How to make spicy Chicken Rendang.
Today we’re making Chicken Rendang – one of my all time favourite Malay dishes. Rendang is a dry curry stew that you can find in Singapore, Malaysia and Indonesia.
Chicken or Beef
The beef version is more popular, but I personally prefer chicken. Less guesswork with beef cuts and lesser time to cook, which means less time in the kitchen! I will make a beef version soon, but this recipe works for beef as well. Be sure to adjust water and time for the beef to stew and get fork-tender.
Spicy
This is a spicy version that takes a bit more ingredients, time and love, but worth it. I’ve also replaced a couple of ingredients to easier found items already in your pantry. For a non-spicy version, omit the fresh chillies and dried chillies. For an EXTRA spicy version (hello!) throw in a couple of Thai Bird’s Eye Chillies in the blend.
Kerisik
Kerisik or coconut butter is what gives rendang that signature nutty taste and gritty texture, but it’s not that easy to find, even in our local supermarket. It’s grated fresh coconuts, toasted over heat and pounded to release creaminess. You can try to make it with dessicated coconut flakes. I personally love rendang without kerisik so… I would just skip it altogether 🙂
Cheat Ingredient – Garam Masala
The ‘cheat’ ingredient here is Garam Masala.

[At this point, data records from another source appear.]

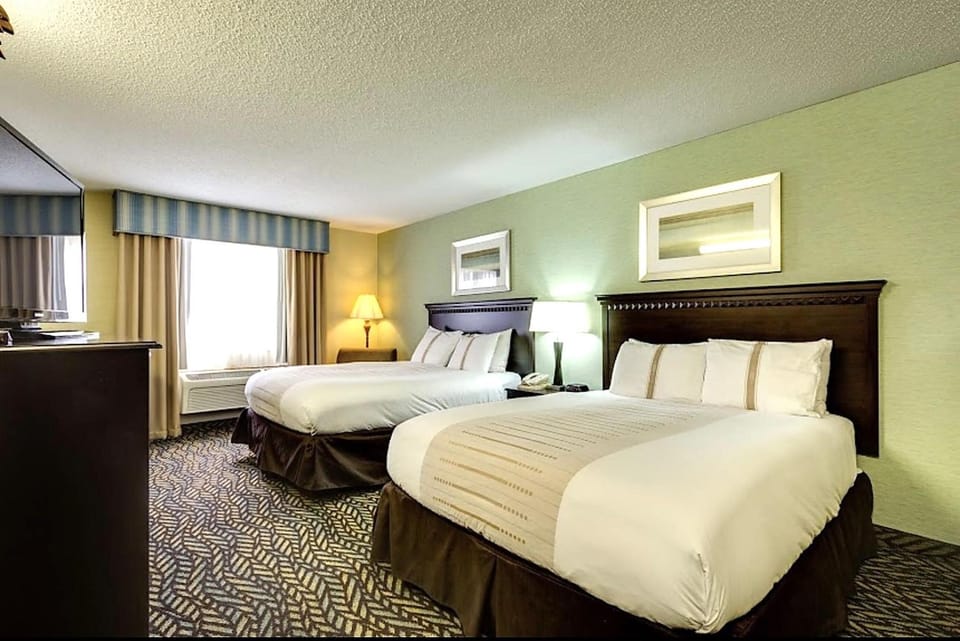 Arrive and relax in a spacious room with two inviting beds.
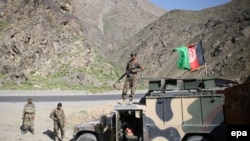 Afghan army soldiers stand guard on a roadside in Kabul in April.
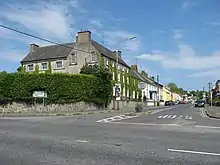The is an image of Collon House located just off Drogheda street at the crossroads in Collon, Co.Louth on a sunny day. Green hedges surround the house making it more private from the streets.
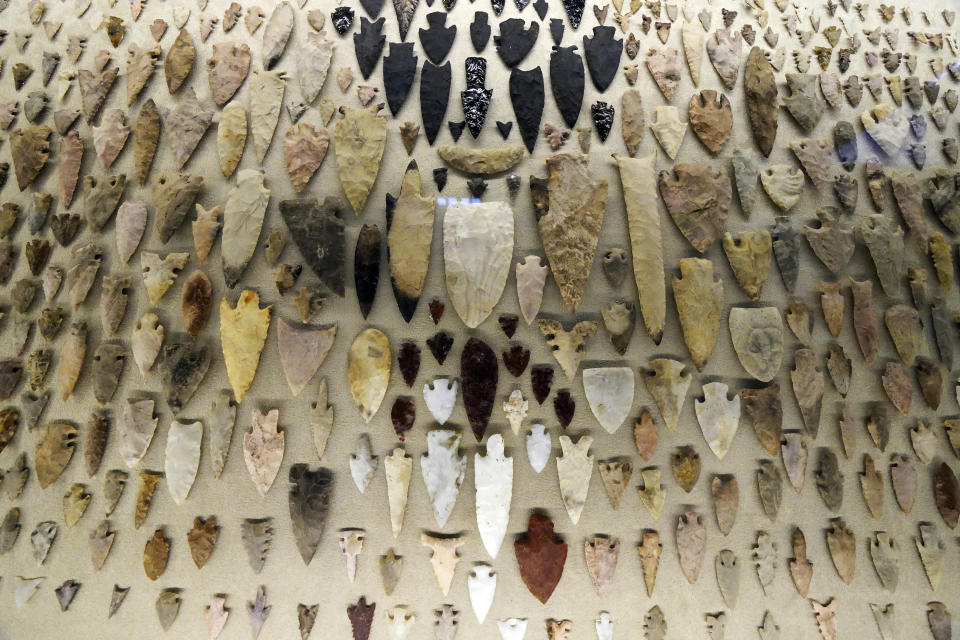 A collection of arrowheads are shown as part of the exhibition "The Greatness of Mexico" displaying for the first time in the country more than 800 pieces repatriated from abroad in the last three years and others that were in safekeeping and confiscation warehouses, at the Anthropology Museum in Mexico City, Friday, Oct. 1, 2021. (AP Photo/Marco Ugarte)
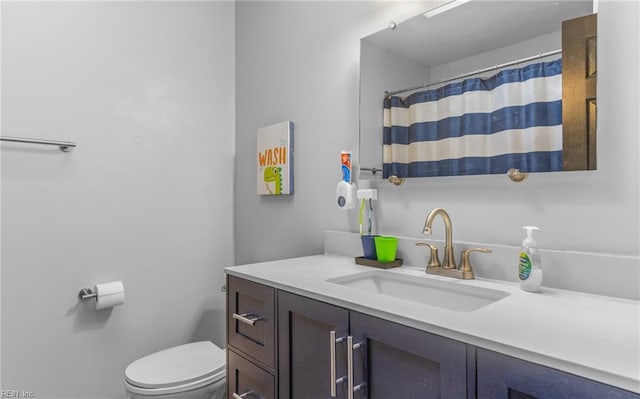 bathroom with toilet and vanity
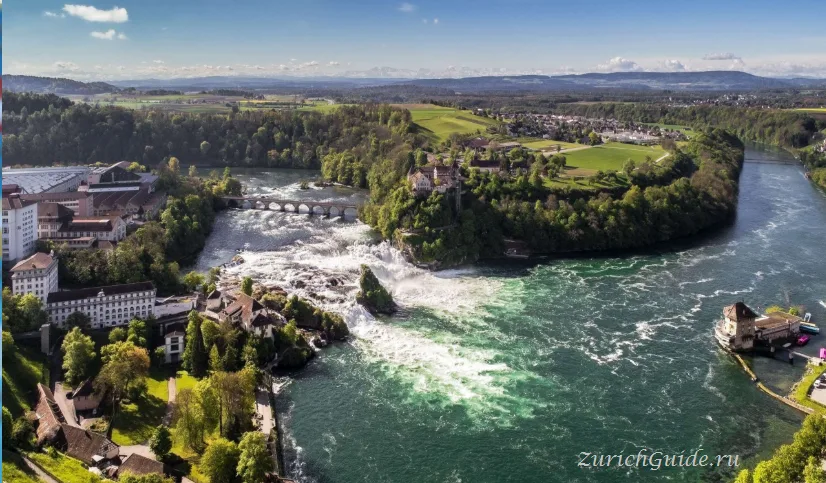 The Rhine Falls from above with Schloss Laufen on the cliff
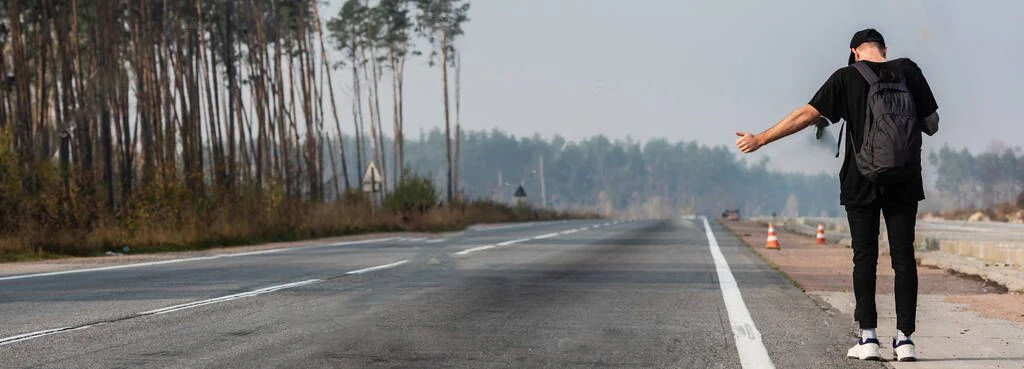 Musicista di strada con chitarra davanti alla Renault 4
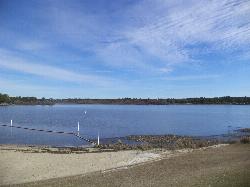 Looking northeast across the swim area toward the far shore courtesy of Michael Rivera&nearr; (CC BY-SA 3.0&nearr;)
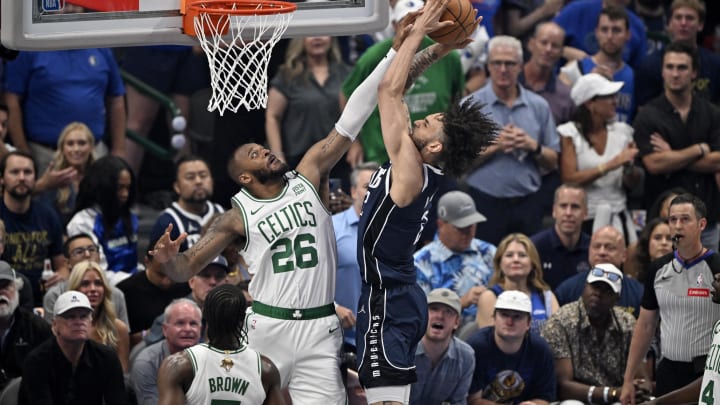 Jun 12, 2024; Dallas, Texas, USA; Dallas Mavericks center Dereck Lively II (2) shoots against Boston Celtics forward Xavier Tillman (26) during the first quarter in game three of the 2024 NBA Finals at American Airlines Center. Mandatory Credit: Jerome Miron-USA TODAY Sports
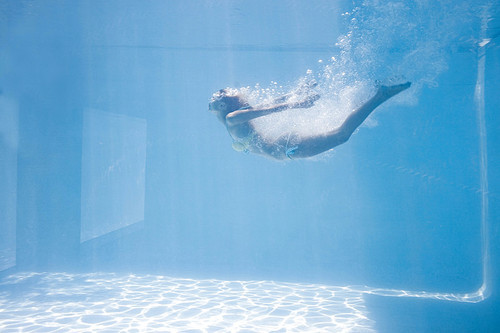 Fit woman swimming under water in the pool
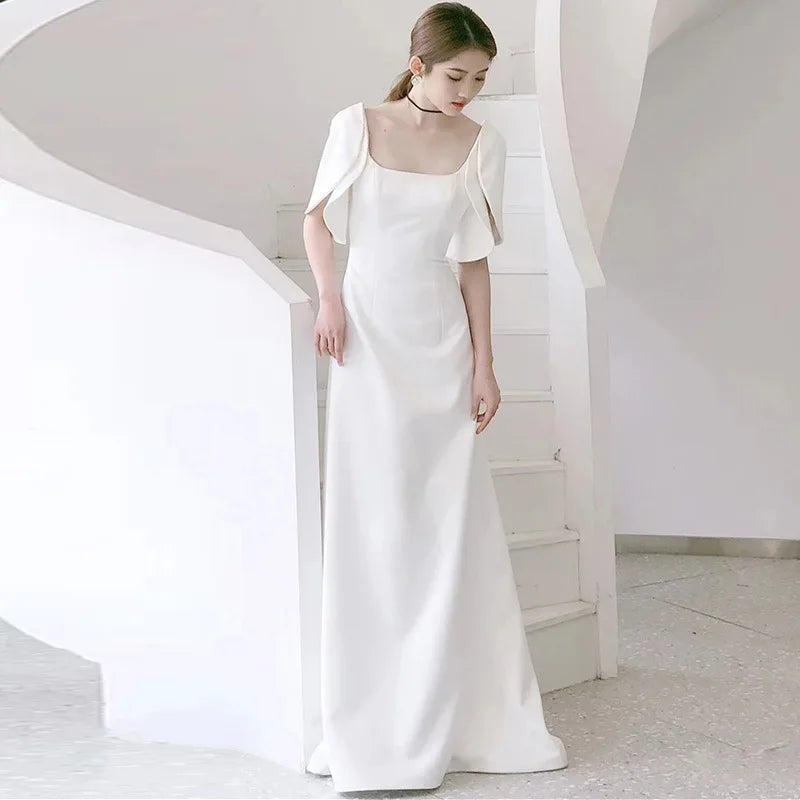 Elegant White Maxi Dress With Cape Sleeves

The original recipe requires a spice blend of coriander seeds, fennel and cumin but even I don’t have these in my pantry most times. Store bought usually includes those spices, and a pop of other spices never hurts ;P.
Ingredients:
- 500g Chicken
- 200ml Coconut Cream/Milk
- 40g Kerisik
- 200ml Water
- 3 tsps Salt or to taste
- 3 tsps Sugar or to taste
- Rendang Spice Base:
- 10g (about 10 stalks) Dried Chillies, soaked in boiling water
- 5-6 Fresh Chillies
- 4-5 Shallots or 1 Onion
- 2 Cloves Garlic
- 3 Lemongrass Stalks
- 1 tbsp or 1/2 inch Ginger
- 1 tbsp or 1/2 inch Galangal
- 1 tsp or 10g Turmeric Powder
- 2 tsps or 20g Garam Masala
Directions:
- Blend together spice base paste finely.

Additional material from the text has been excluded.